_YOUR OBJECTIVE_: Below is a listing; print exactly its lines from the one containing "166150 1 quadro su tela verticale linea.jpg" down to the one containing "Casa En Venta En Puente Alto $80.000.000", both inclusive, with every picture left out.

_PROVIDED DATA_:
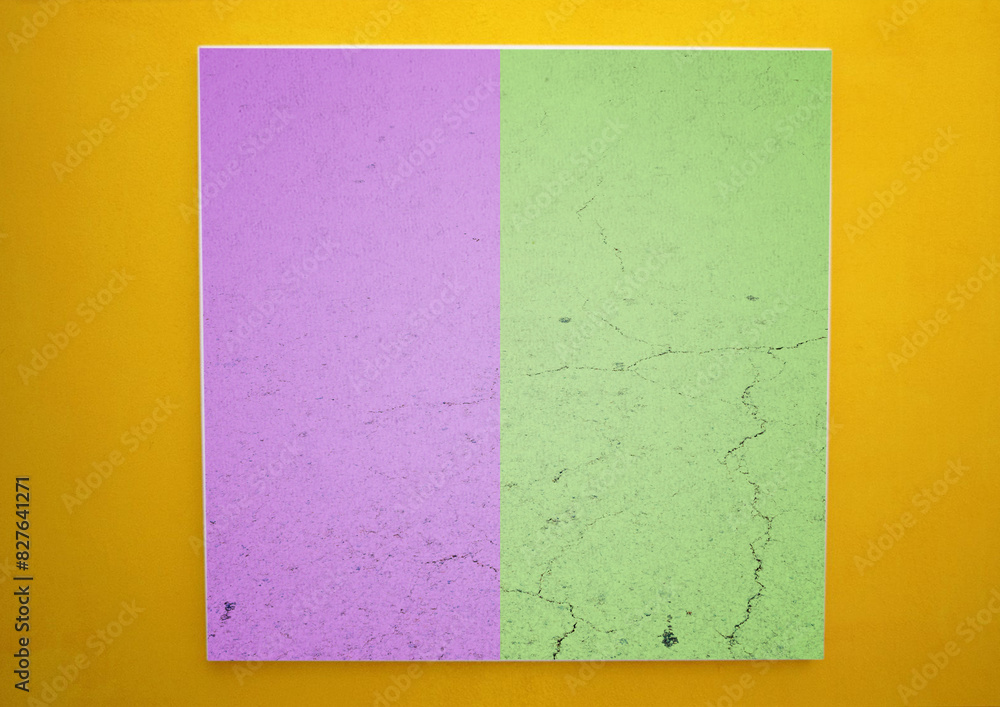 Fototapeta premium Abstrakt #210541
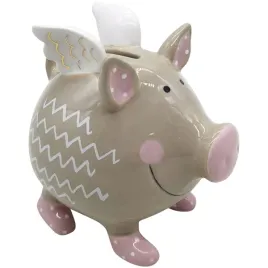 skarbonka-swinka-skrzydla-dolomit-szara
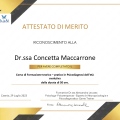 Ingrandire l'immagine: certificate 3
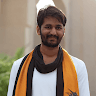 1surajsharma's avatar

--

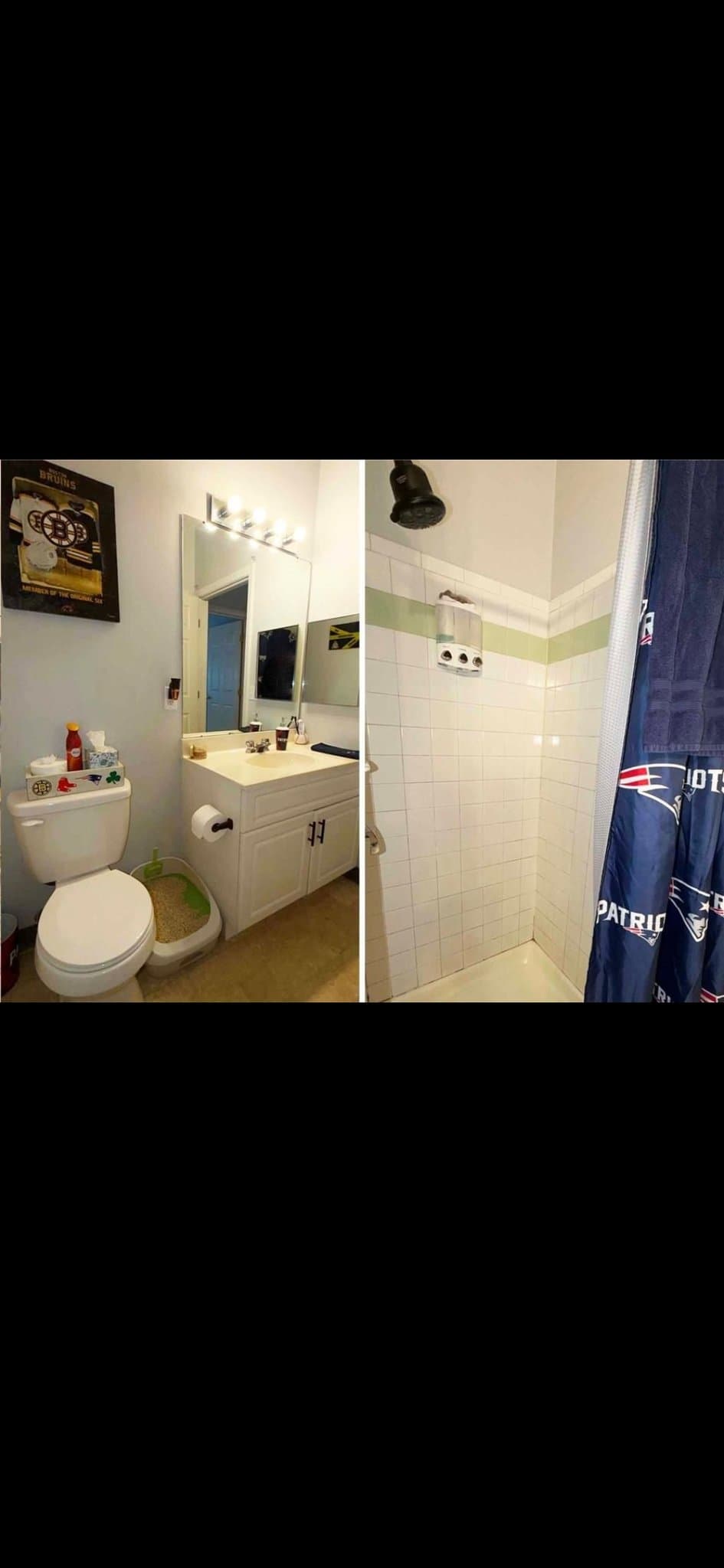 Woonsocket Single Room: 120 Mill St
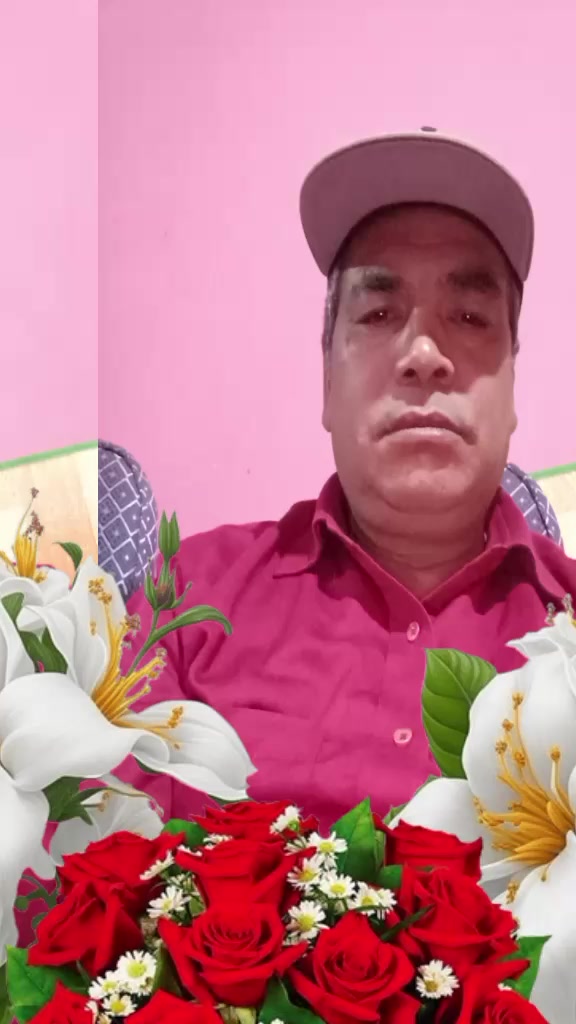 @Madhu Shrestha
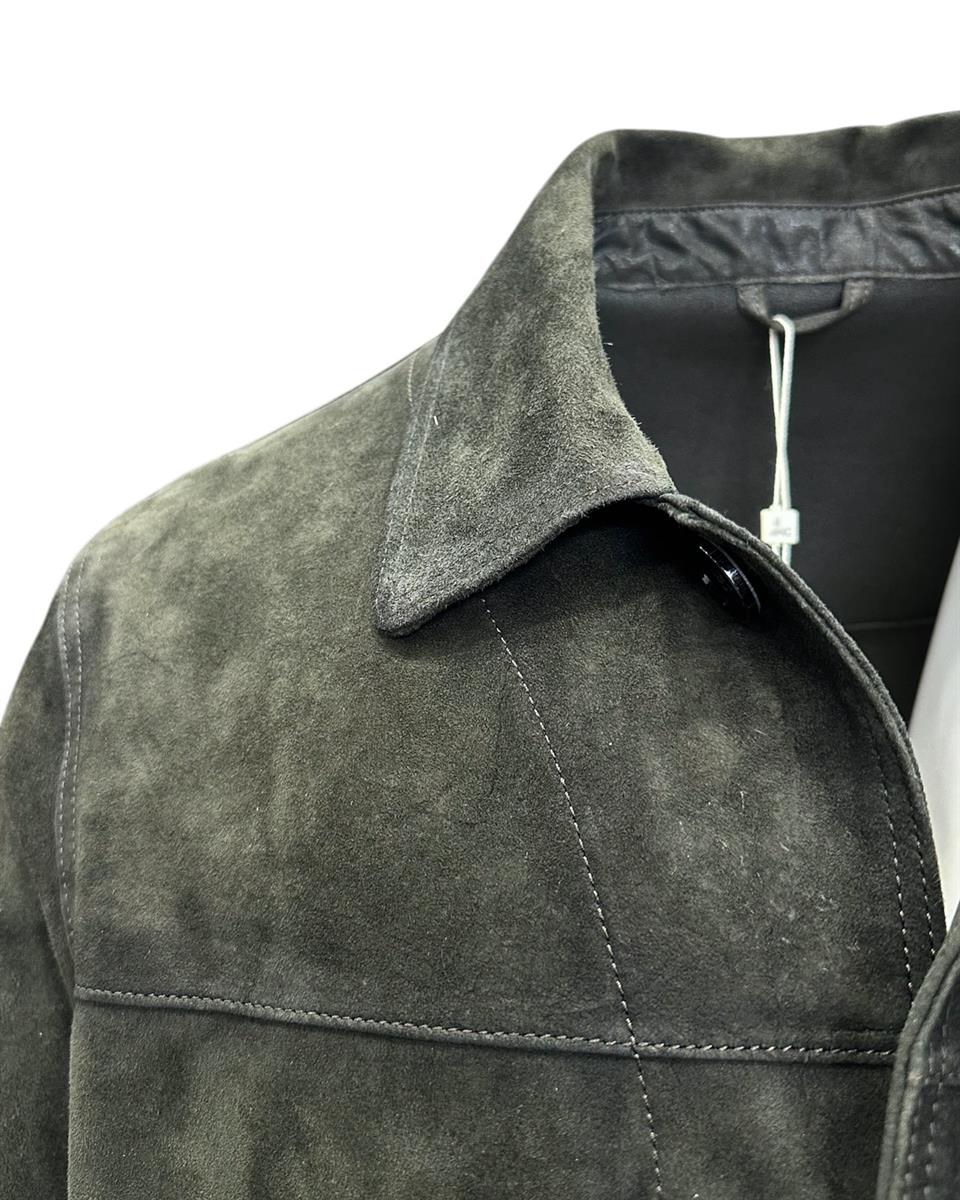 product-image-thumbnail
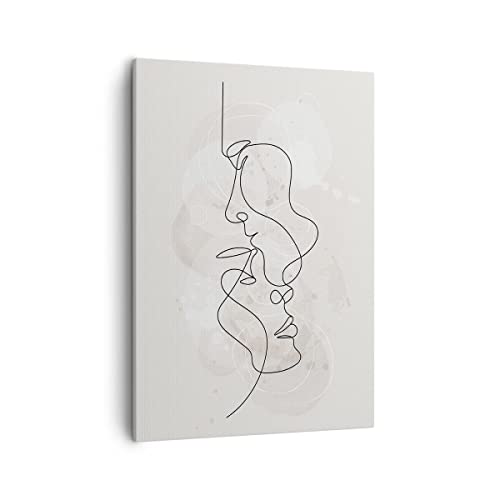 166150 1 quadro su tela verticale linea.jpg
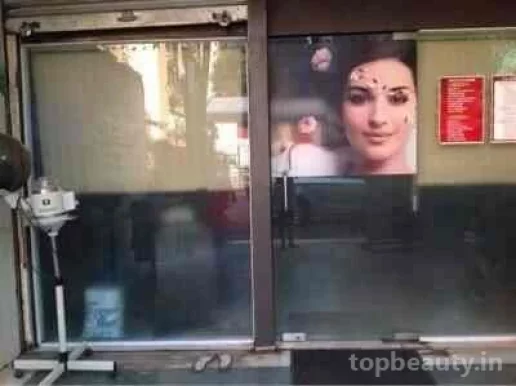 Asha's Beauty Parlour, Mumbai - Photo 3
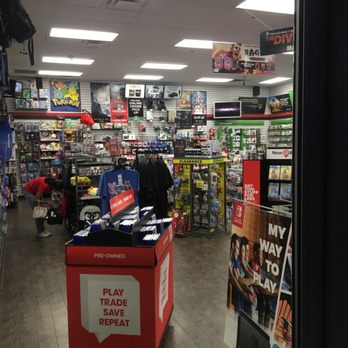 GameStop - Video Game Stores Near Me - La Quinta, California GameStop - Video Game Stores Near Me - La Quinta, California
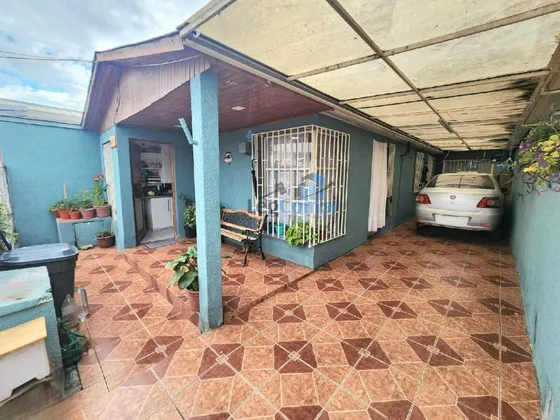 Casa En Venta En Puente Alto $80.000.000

_EXERCISE SOLUTION_:
 166150 1 quadro su tela verticale linea.jpg
 Asha's Beauty Parlour, Mumbai - Photo 3
 GameStop - Video Game Stores Near Me - La Quinta, California GameStop - Video Game Stores Near Me - La Quinta, California
 Casa En Venta En Puente Alto $80.000.000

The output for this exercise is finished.